Do lado direito à casa das aves, ficava uma mansão, onde os riquinhos Joaquim, José Augusto e Patrícia moravam. Muro branco altíssimo, com piscina, campo de futebol, Atari 2600, dezenas de papéis carta perfumados e sala de sinuca (ainda não descobri porque os mais ricos precisam ter sinuca…). A casa, de esquina, dava volta no quarteirão e só terminava na rua paralela à Maria da Conceição Viana.

Do lado esquerdo ao nº 931 moravam Leonor e o marido militar, casal pacato cujos filhos eram igualmente calmos. Tinham um TL. Vizinho a eles, estava a casa mais animada da rua. Geo era o melhor amigo, da mesma idade, moleque pouco chegado aos estudos, mas que jogava bola e fazia pipas com desenvoltura invejável. Seus pais eram Beth e Geraldo. Ela, dona de casa que adorava uma cervejinha, organizava a festa junina local, promovia sempre um réveillon agregador e fazia questão que a Copa fosse vista na casa deles. Geraldo era mais sério, advogado de anel no dedo e cabelos impecavelmente penteados, mesmo depois de chegar do trabalho de ônibus. Guiga era o filho mais velho, adorado por todos, com um senso de humor encantador e, muitas vezes, mais esperto do que Geo. Abraçava e beijava quem quer que fosse, numa genuína demonstração de afeto. Tinha cabelos loiros e lisos, quase o oposto de Geo, de carapinha castanho-escuro. Guiga sempre acordava mais cedo, fazia o café da manhã e era conhecido por comer muito ovo. Todo mundo fazia festa para Guiga, que ocorreu ter nascido com Síndrome de Down.

Mais adiante, ao lado da casa de Geo, moravam Camila e sua irmã, cuja mãe era uma barraqueira de marca maior, dessas de sair correndo pela rua com chinelo na mão para bater nas meninas. Dona Iraci morava na casa ao lado. Senhora simpática, se não me engano viúva, tinha adotado Paula, mais ou menos da mesma idade das crianças.
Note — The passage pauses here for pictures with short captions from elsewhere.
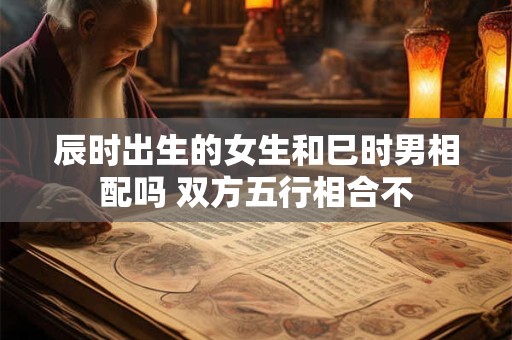 辰时出生的女生和巳时男相配吗 双方五行相合不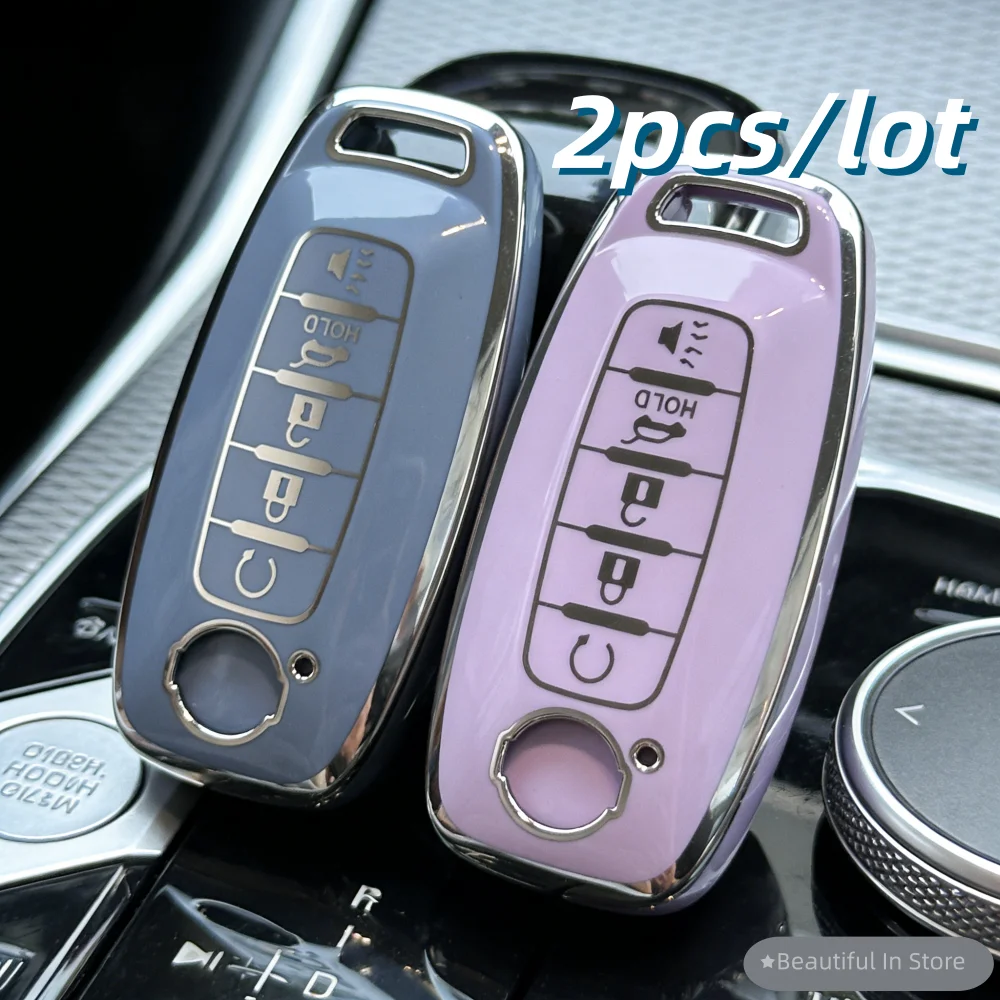 2 piezas/lote Funda Protectora para Llave de Coche Nissan 2023 2024 Pathfinder Rogue Kicks, Protector de Llave Inteligente sin Llave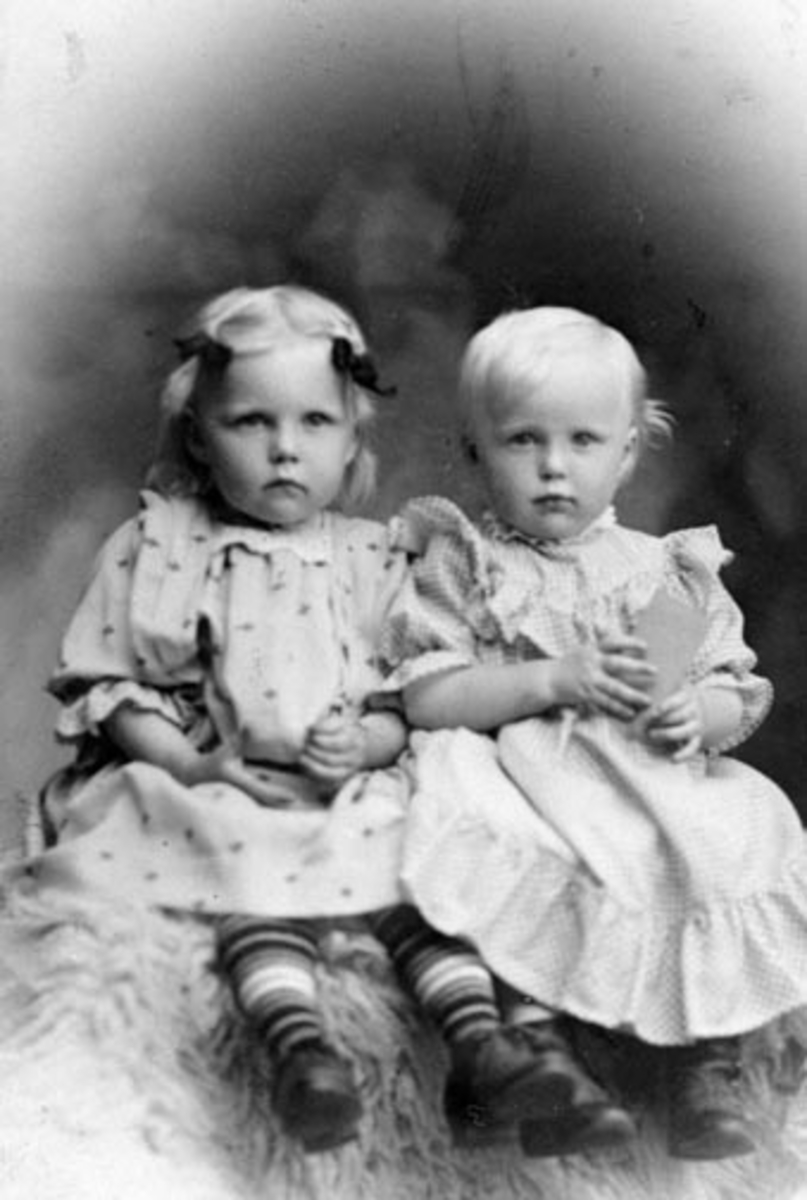 To søstre. Margit f.1906 og Ester Fossum f.1907. Fossum, Nes, Hedmark.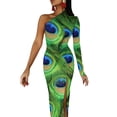 thumbnail image 1 of Unique Peacock Feather Long Dress Female Colorful Print Party Maxi Dress Spring Kawaii Bodycon Dresses Side Split Custom Clothes, 1 of 5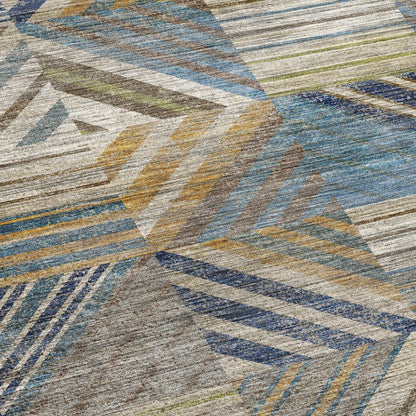 Machine Washable Nexus NX2 Blue 8' x 8' Round Rug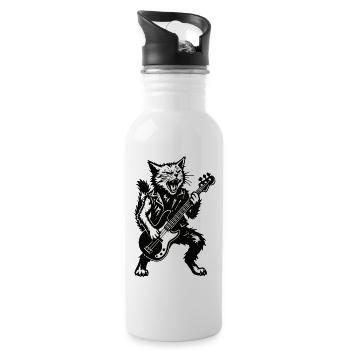 Katzenwerwolf Bassgroove - Trinkflasche mit integriertem Trinkhalm - Weiß - Rechts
Denise era a mãe carioca de Henrique, Nina e Diana, mais conhecida como Popota, vizinhos de dona Iraci. Os filhos, muito amigos das crianças, não eram bem vistos pelos pais. Henrique era arruaceiro, um semi-marginal. Nina, a filha mais velha, tinha fama de vadia, gostosa que era. Sempre de shortinhos a provocar com sua pele morena e seus papos sacanas. Popota, a caçula, era igualmente safada, apesar de magra e feia. Era impressionante a quantidade de vezes que Henrique apanhava da sua mãe _muito mais do que Geo apanhava de Beth; as melhores surras que Geo levava coincidiam com a chegada do boletim cheio de notas vermelhas. Nina também levava as suas, mas isso durou até os 15 anos, quando ela se tornou mãe.

Na esquina, vizinha de Denise, morava Juninho, criança mais nova que as demais e tido como baitola e, por isso, alvo de brincadeiras de todo o tipo.

Todas essas casas ficavam do mesmo lado da rua. No lado oposto só havia duas casas: a do procurador assasinado na padaria Pedro Jorge de Melo e Silva, a mulher e suas filhas, Roberta e Bianca, que moravam na esquina em frente à casa de Juninho. A outra ficava em frente à casa de Geo e era uma beleza. Lá morava Carminha, o marido e os filhos, mais velhos do que as crianças da rua. Donos da papelaria C. Matias, tinham uma casa “boa”, muro alto e piscina onde as crianças brincavam de vez em quando. Dois grandes terrenos baldios preenchiam o restante do outro ladao da rua.

Eram nessas áreas de mato e pés de mamona que Marcelo e Geo, mas principalmente Marcelo, se divertiam incendiando o mato e palhas de coqueiro e algum lixo, uma beleza de material inflamável.

A rua era bastante apropriada para as crianças porque não era asfaltada. A areia era o piso ideal para jogar bola (de futebol ou de gude) e também para atolar carros em dias de muita chuva.

Foram anos incríveis, memoráveis, os primeiros anos das vidas dessas crianças.